All data model types are immutable. Their inner state is hidden in private fields and methods and should never be modified in-place. Instead, they provide public methods that return copies with altered values, leaving the original object intact.

With immutability, a design decision inherited by the old Pipelime, we can be certain that every object is in the correct state everytime, since it cannot possibly change, and this prevents many issues when the same function is run multiple times, possibly in non-deterministic order.

Example

Let's say you have a sample containing an item named image with an RGB image. You want to resize the image reducing the resolution to 50% of the original size.

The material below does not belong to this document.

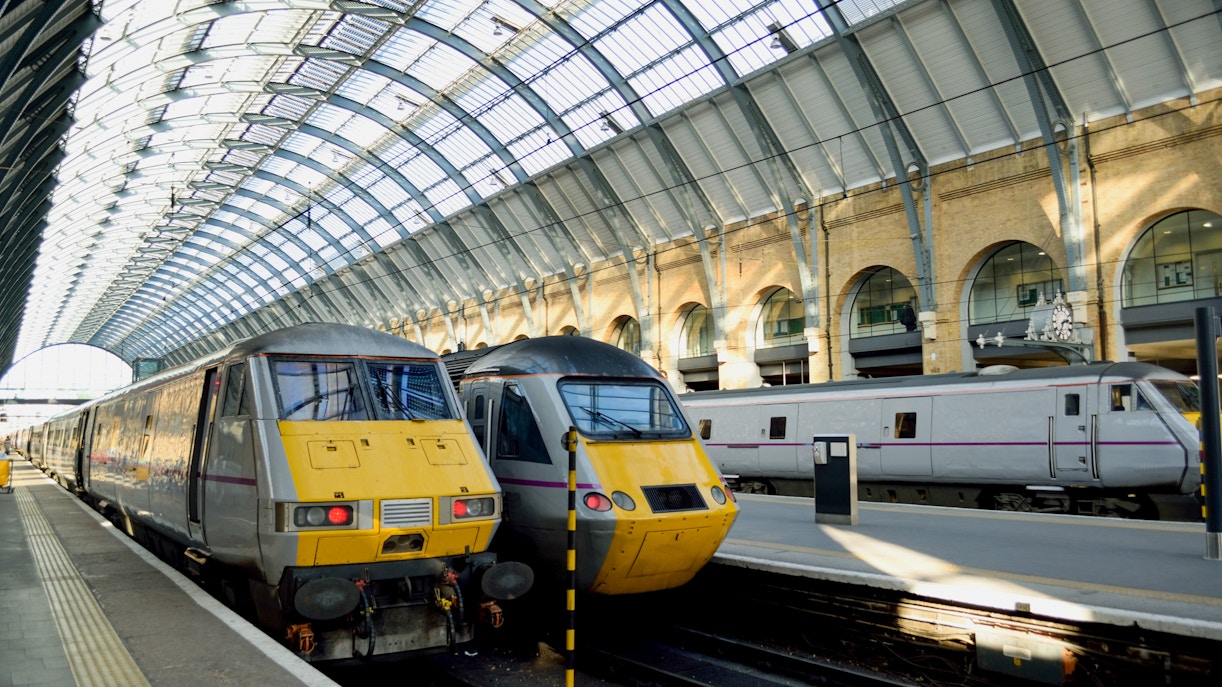 Trains at King's Cross Station in London under arched glass roof.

To change the image in a sample, you need to create a new sample in which the image item contains the resized image.

def half_res(image: np.ndarray) -> np.ndarray:
    # Some code that downscales an image by 50%
    ...

# Read the image (more details later)
image = sample["image"]()

# Downscale the image
half_image = half_res(image)

# Create a new sample with the new (downscaled) image
new_sample = sample.with_value("image", half_image)

At the end of the snippet above, the sample variable will still contain the original full-size image. Instead, new_sample will contain the new resized image.

There are only two exceptions to this immutability rule:

Caches: They need to change their state to save time when the result of a computation is already known. Since all other data is immutable, caches never need to be invalidated.
Inner data: While all pipewine data objects are immutable, this may not be true for the data contained within them. If your item contains mutable objects, you are able to modify them implace. But never do that!

Python, unlike other languages, has no mechanism to enforce read-only access to an object, the only way to do so would be to perform a deep-copy whenever an object is accessed, but that would be a complete disaster performance-wise.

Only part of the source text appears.